===== Listed records

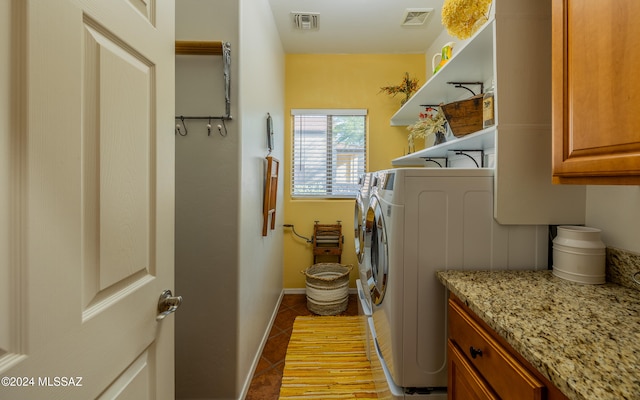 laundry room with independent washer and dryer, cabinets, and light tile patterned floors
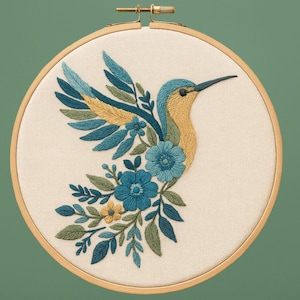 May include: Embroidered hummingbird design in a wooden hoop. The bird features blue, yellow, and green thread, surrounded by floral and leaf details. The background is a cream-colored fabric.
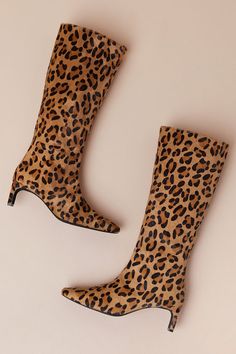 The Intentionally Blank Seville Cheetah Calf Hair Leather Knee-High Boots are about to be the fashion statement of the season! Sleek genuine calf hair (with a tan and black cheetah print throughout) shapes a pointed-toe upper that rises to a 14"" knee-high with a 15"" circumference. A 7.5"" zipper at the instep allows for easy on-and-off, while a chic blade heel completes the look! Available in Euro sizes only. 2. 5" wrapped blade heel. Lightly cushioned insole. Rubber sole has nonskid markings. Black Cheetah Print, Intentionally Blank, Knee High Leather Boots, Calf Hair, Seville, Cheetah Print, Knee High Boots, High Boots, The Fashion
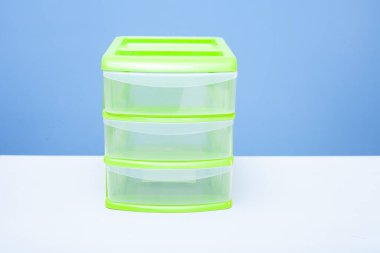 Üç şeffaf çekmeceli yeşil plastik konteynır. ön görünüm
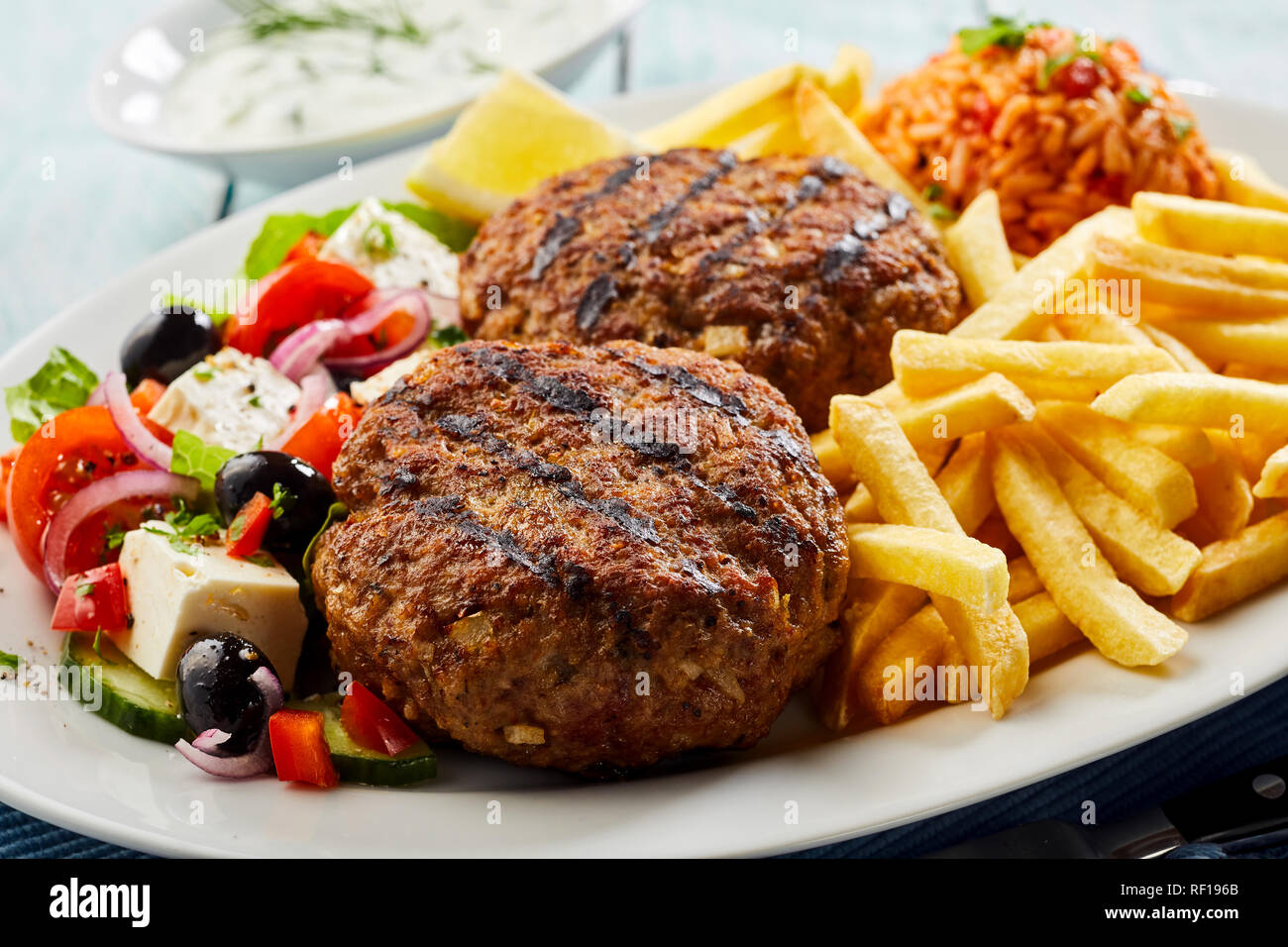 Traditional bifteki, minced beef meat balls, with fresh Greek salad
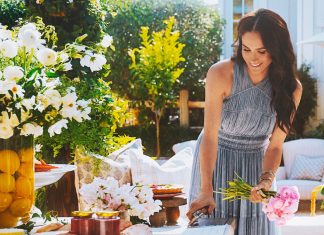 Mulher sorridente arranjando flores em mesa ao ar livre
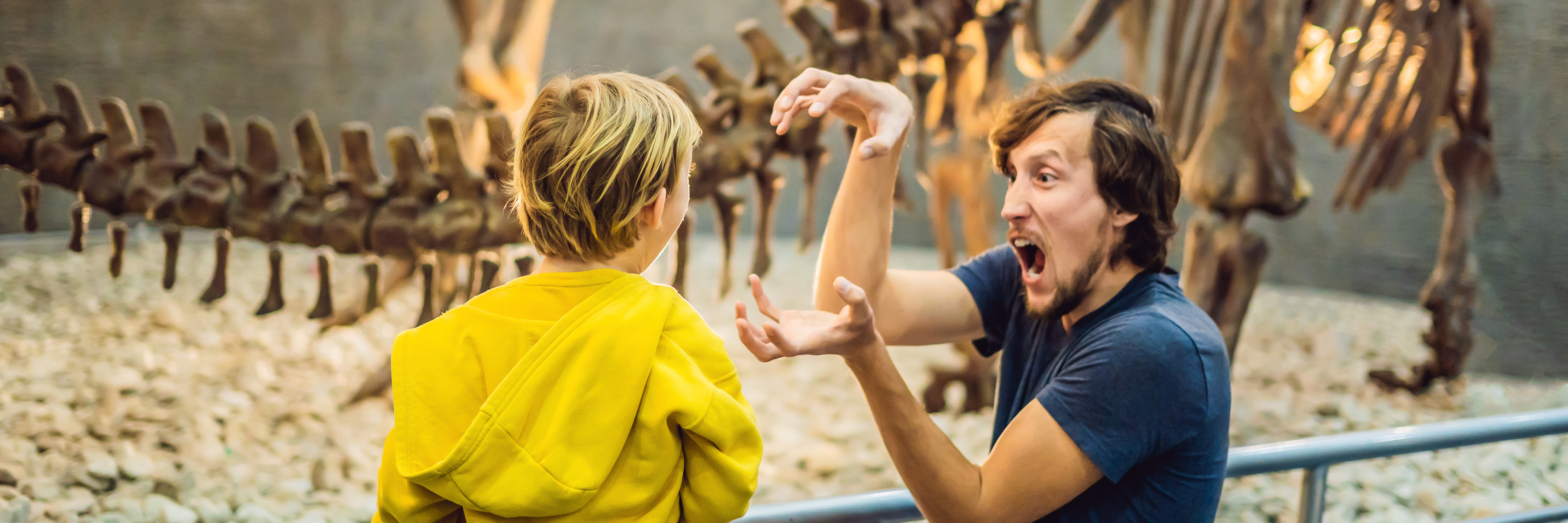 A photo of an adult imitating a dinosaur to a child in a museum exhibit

==========

◆ **Directions**: Starting at the line that contains "The Intentionally Blank", reproduce each line exactly through the end of the entries above, leaving every picture out.

◆ **Output for this task**:
 The Intentionally Blank Seville Cheetah Calf Hair Leather Knee-High Boots are about to be the fashion statement of the season! Sleek genuine calf hair (with a tan and black cheetah print throughout) shapes a pointed-toe upper that rises to a 14"" knee-high with a 15"" circumference. A 7.5"" zipper at the instep allows for easy on-and-off, while a chic blade heel completes the look! Available in Euro sizes only. 2. 5" wrapped blade heel. Lightly cushioned insole. Rubber sole has nonskid markings. Black Cheetah Print, Intentionally Blank, Knee High Leather Boots, Calf Hair, Seville, Cheetah Print, Knee High Boots, High Boots, The Fashion
 Üç şeffaf çekmeceli yeşil plastik konteynır. ön görünüm
 Traditional bifteki, minced beef meat balls, with fresh Greek salad
 Mulher sorridente arranjando flores em mesa ao ar livre
 A photo of an adult imitating a dinosaur to a child in a museum exhibit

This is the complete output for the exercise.